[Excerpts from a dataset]

****************

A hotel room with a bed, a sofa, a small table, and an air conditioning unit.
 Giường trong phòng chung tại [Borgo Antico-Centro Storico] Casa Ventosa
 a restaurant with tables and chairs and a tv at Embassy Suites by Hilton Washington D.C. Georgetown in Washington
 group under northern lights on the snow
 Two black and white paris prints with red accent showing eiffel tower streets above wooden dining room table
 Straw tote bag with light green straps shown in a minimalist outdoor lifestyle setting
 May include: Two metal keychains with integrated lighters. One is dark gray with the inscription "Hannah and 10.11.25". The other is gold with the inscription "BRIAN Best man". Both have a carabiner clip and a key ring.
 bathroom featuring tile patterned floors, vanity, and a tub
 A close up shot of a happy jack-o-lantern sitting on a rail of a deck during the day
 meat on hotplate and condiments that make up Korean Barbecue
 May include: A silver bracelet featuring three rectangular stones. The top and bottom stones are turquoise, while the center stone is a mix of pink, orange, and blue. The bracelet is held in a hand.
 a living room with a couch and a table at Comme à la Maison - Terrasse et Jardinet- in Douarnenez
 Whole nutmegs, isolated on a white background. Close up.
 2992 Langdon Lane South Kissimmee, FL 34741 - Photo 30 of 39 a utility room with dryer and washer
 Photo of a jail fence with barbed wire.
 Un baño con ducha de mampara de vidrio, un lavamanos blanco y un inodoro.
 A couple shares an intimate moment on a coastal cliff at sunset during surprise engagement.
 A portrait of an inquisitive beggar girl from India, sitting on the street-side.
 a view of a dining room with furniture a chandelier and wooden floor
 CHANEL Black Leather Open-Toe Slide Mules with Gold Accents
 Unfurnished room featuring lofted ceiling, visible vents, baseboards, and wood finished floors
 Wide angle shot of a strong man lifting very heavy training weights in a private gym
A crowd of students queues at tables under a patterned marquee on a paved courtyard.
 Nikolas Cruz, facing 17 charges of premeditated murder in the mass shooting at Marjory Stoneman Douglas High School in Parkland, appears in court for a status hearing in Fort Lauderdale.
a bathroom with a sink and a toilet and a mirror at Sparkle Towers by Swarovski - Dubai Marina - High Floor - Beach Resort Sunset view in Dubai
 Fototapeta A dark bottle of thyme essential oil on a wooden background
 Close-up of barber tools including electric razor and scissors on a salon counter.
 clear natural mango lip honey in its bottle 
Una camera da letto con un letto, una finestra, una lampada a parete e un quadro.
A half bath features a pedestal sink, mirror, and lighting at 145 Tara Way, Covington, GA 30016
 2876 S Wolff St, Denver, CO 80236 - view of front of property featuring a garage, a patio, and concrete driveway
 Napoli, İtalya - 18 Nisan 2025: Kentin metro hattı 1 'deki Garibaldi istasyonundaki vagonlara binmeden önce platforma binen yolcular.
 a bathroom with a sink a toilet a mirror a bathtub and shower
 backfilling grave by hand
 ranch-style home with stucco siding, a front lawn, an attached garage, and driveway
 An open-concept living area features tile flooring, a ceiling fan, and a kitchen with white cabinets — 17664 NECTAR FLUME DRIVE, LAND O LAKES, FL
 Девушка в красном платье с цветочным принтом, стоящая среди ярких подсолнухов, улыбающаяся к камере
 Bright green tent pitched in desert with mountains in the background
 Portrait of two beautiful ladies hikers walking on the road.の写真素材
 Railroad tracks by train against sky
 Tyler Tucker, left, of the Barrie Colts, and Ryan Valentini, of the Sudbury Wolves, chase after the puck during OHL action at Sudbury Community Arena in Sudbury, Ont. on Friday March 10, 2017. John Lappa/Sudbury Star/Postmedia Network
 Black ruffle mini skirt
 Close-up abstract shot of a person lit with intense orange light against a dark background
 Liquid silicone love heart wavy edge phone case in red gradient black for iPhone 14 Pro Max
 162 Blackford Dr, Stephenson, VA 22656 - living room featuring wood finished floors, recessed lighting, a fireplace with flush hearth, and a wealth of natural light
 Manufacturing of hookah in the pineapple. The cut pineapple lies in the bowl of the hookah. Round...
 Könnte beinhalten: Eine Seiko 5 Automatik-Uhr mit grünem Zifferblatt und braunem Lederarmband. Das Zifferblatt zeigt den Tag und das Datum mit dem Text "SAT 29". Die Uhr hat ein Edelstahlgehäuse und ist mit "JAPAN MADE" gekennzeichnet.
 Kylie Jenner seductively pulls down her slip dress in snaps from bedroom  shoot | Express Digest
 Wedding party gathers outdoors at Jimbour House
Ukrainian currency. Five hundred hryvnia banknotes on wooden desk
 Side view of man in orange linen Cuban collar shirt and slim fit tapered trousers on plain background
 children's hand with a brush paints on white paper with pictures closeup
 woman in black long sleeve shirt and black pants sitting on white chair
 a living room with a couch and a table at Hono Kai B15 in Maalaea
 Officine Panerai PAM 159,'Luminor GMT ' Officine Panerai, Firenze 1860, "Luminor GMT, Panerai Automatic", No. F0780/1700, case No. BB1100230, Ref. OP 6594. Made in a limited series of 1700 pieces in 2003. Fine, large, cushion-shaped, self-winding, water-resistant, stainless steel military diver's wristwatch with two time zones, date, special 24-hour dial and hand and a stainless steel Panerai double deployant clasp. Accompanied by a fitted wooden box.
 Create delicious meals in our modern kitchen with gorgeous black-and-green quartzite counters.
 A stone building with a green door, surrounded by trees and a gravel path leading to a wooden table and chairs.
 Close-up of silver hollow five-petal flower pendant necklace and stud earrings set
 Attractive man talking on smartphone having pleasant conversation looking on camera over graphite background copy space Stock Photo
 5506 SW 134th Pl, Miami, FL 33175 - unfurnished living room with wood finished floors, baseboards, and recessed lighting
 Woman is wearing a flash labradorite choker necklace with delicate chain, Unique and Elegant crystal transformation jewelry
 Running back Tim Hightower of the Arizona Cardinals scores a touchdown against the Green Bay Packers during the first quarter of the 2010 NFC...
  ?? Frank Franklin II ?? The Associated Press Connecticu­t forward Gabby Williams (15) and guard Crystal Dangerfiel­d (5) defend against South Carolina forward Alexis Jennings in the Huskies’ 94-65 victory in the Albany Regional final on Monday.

****************

• Your objective:
Up to and including the line with "Straw tote bag", repeat the entries exactly, beginning at their first line.

• Written answer:
A hotel room with a bed, a sofa, a small table, and an air conditioning unit.
 Giường trong phòng chung tại [Borgo Antico-Centro Storico] Casa Ventosa
 a restaurant with tables and chairs and a tv at Embassy Suites by Hilton Washington D.C. Georgetown in Washington
 group under northern lights on the snow
 Two black and white paris prints with red accent showing eiffel tower streets above wooden dining room table
 Straw tote bag with light green straps shown in a minimalist outdoor lifestyle setting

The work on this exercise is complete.